17. The computer system of claim 1, wherein the instructions are further executable to cause the computer system to:

perform a pointwise activation computation; and

perform a second matrix multiplication operation.

18. The computer system of claim 1, wherein a number of the plurality of activation matrix chunks is equal to a number of the plurality of weight matrix chunks.

19. A method comprising:

sharding an activation matrix along a first dimension, resulting in a plurality of activation matrix chunks being created;

distributing the plurality of activation matrix chunks to a plurality of computer systems, which include a computer system, such that each computer system in the plurality is provided a corresponding activation matrix chunk and such that said computer system retains a first activation matrix chunk;

sharding a weight matrix along a second dimension, resulting in a plurality of weight matrix chunks being created;

distributing the plurality of weight matrix chunks to the plurality of computer systems, such that each computer system in the plurality is provided a corresponding weight matrix chunk and such that said computer system retains a first weight matrix chunk;

performing a first matrix multiplication operation using the first activation matrix chunk and the first weight matrix chunk;

concurrently with performing the first matrix multiplication operation, transmitting the first weight matrix chunk to a first neighboring computer system, which is included among the plurality of computer systems;

accumulating, at an output tensor, a first result of performing the first matrix multiplication operation;

replace the first weight matrix chunk with a second weight matrix chunk that is received from the first neighboring computer system;

repeating the first matrix multiplication operation using the first activation matrix chunk and the second weight matrix chunk; and

accumulating, at the output tensor, a second result of performing the second matrix multiplication operation.

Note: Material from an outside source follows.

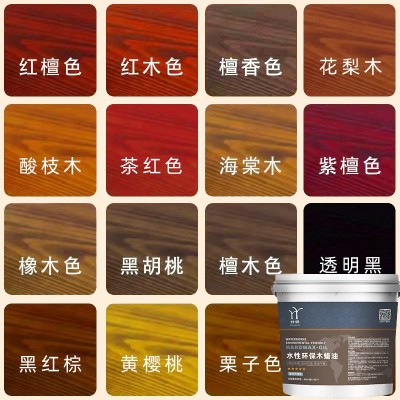 木蜡油水性桐油清漆水性木器漆家具亮光修补防腐木腊油半 透明油漆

20. One or more hardware storage devices that store instructions that are executable by one or more processors to cause the one or more processors to:

shard an activation matrix along a first dimension, resulting in a plurality of activation matrix chunks being created;

distribute the plurality of activation matrix chunks to a plurality of computer systems, which include a computer system, such that each computer system in the plurality is provided a corresponding activation matrix chunk and such that said computer system retains a first activation matrix chunk;

shard a weight matrix along a second dimension, resulting in a plurality of weight matrix chunks being created;

distribute the plurality of weight matrix chunks to the plurality of computer systems, such that each computer system in the plurality is provided a corresponding weight matrix chunk and such that said computer system retains a first weight matrix chunk;

perform a first matrix multiplication operation using the first activation matrix chunk and the first weight matrix chunk;

concurrently with performing the first matrix multiplication operation, transmit the first weight matrix chunk to a first neighboring computer system, which is included among the plurality of computer systems;

accumulate, at an output tensor, a first result of performing the first matrix multiplication operation;

replace the first weight matrix chunk with a second weight matrix chunk that is received from the first neighboring computer system;

repeat the first matrix multiplication operation using the first activation matrix chunk and the second weight matrix chunk; and

accumulate, at the output tensor, a second result of performing the second matrix multiplication operation.